Le Conseil d’Etat a rendu un arrêt en date du 10 juillet 2012, donnant une application restrictive de l’exonération de TVA de l’article 261 B du CGI, aboutissant à valider un rappel de taxe sur des remboursements de frais facturés par Méderic Prévoyance à sa filiale assurance.
Les faits étaient les suivants. Dans le cadre d’une convention « 261 B », l’institution de prévoyance Méderic Prévoyance avait mis à la disposition de sa filiale Méderic Assurances les moyens humains et matériels nécessaires à son fonctionnement. La convention stipulait que la filiale assurance rembourserait à l’institution de prévoyance les frais effectivement supportés par celle-ci sans qu’il puisse en résulter pour cette dernière ni perte ni profit et, par ailleurs, que les frais engagés par l’institution de prévoyance ne pourraient excéder au cours d’un exercice 90% des chargements de gestion sur primes encaissés par sa filiale assurance.

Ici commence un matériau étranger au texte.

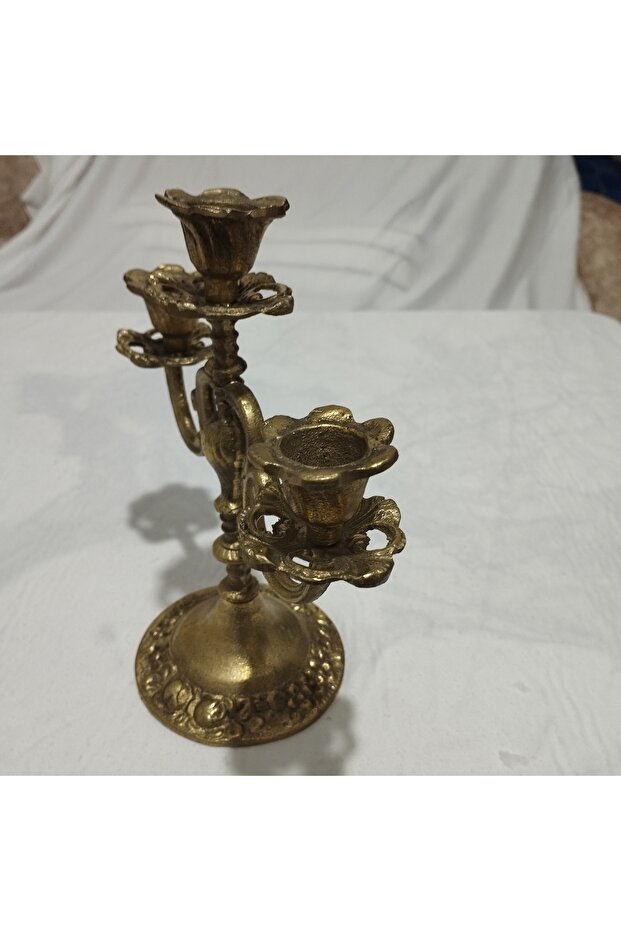 pirinç şamdan 3 kollu - 3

Le service vérificateur a considéré que les prestations prévues par la convention ne pouvaient pas bénéficier de l’exonération prévue par l’article 261 B.
Le CE a validé cette analyse en jugeant que la convention de mise à disposition de moyens ne saurait constituer un groupement au sens des dispositions précitées, lesquelles impliquent un groupement réunissant nécessairement deux personnes physiques ou morales exonérées ou non assujetties qui en sont adhérentes et utilisent en commun des moyens humains et matériels.
Cette décision soulève de nombreuses questions.
En effet, d’un point de vue économique, il apparait qu’il y avait effectivement mise en commun de moyens entre ces deux sociétés. L’une engageait des frais qu’elle utilisait pour sa propre activité exonérée et en refacturait à l’autre une partie.
Nous comprenons cependant que cette mise en commun économique n’est pas suffisante et qu’un groupement de fait doit présenter des qualités supplémentaires.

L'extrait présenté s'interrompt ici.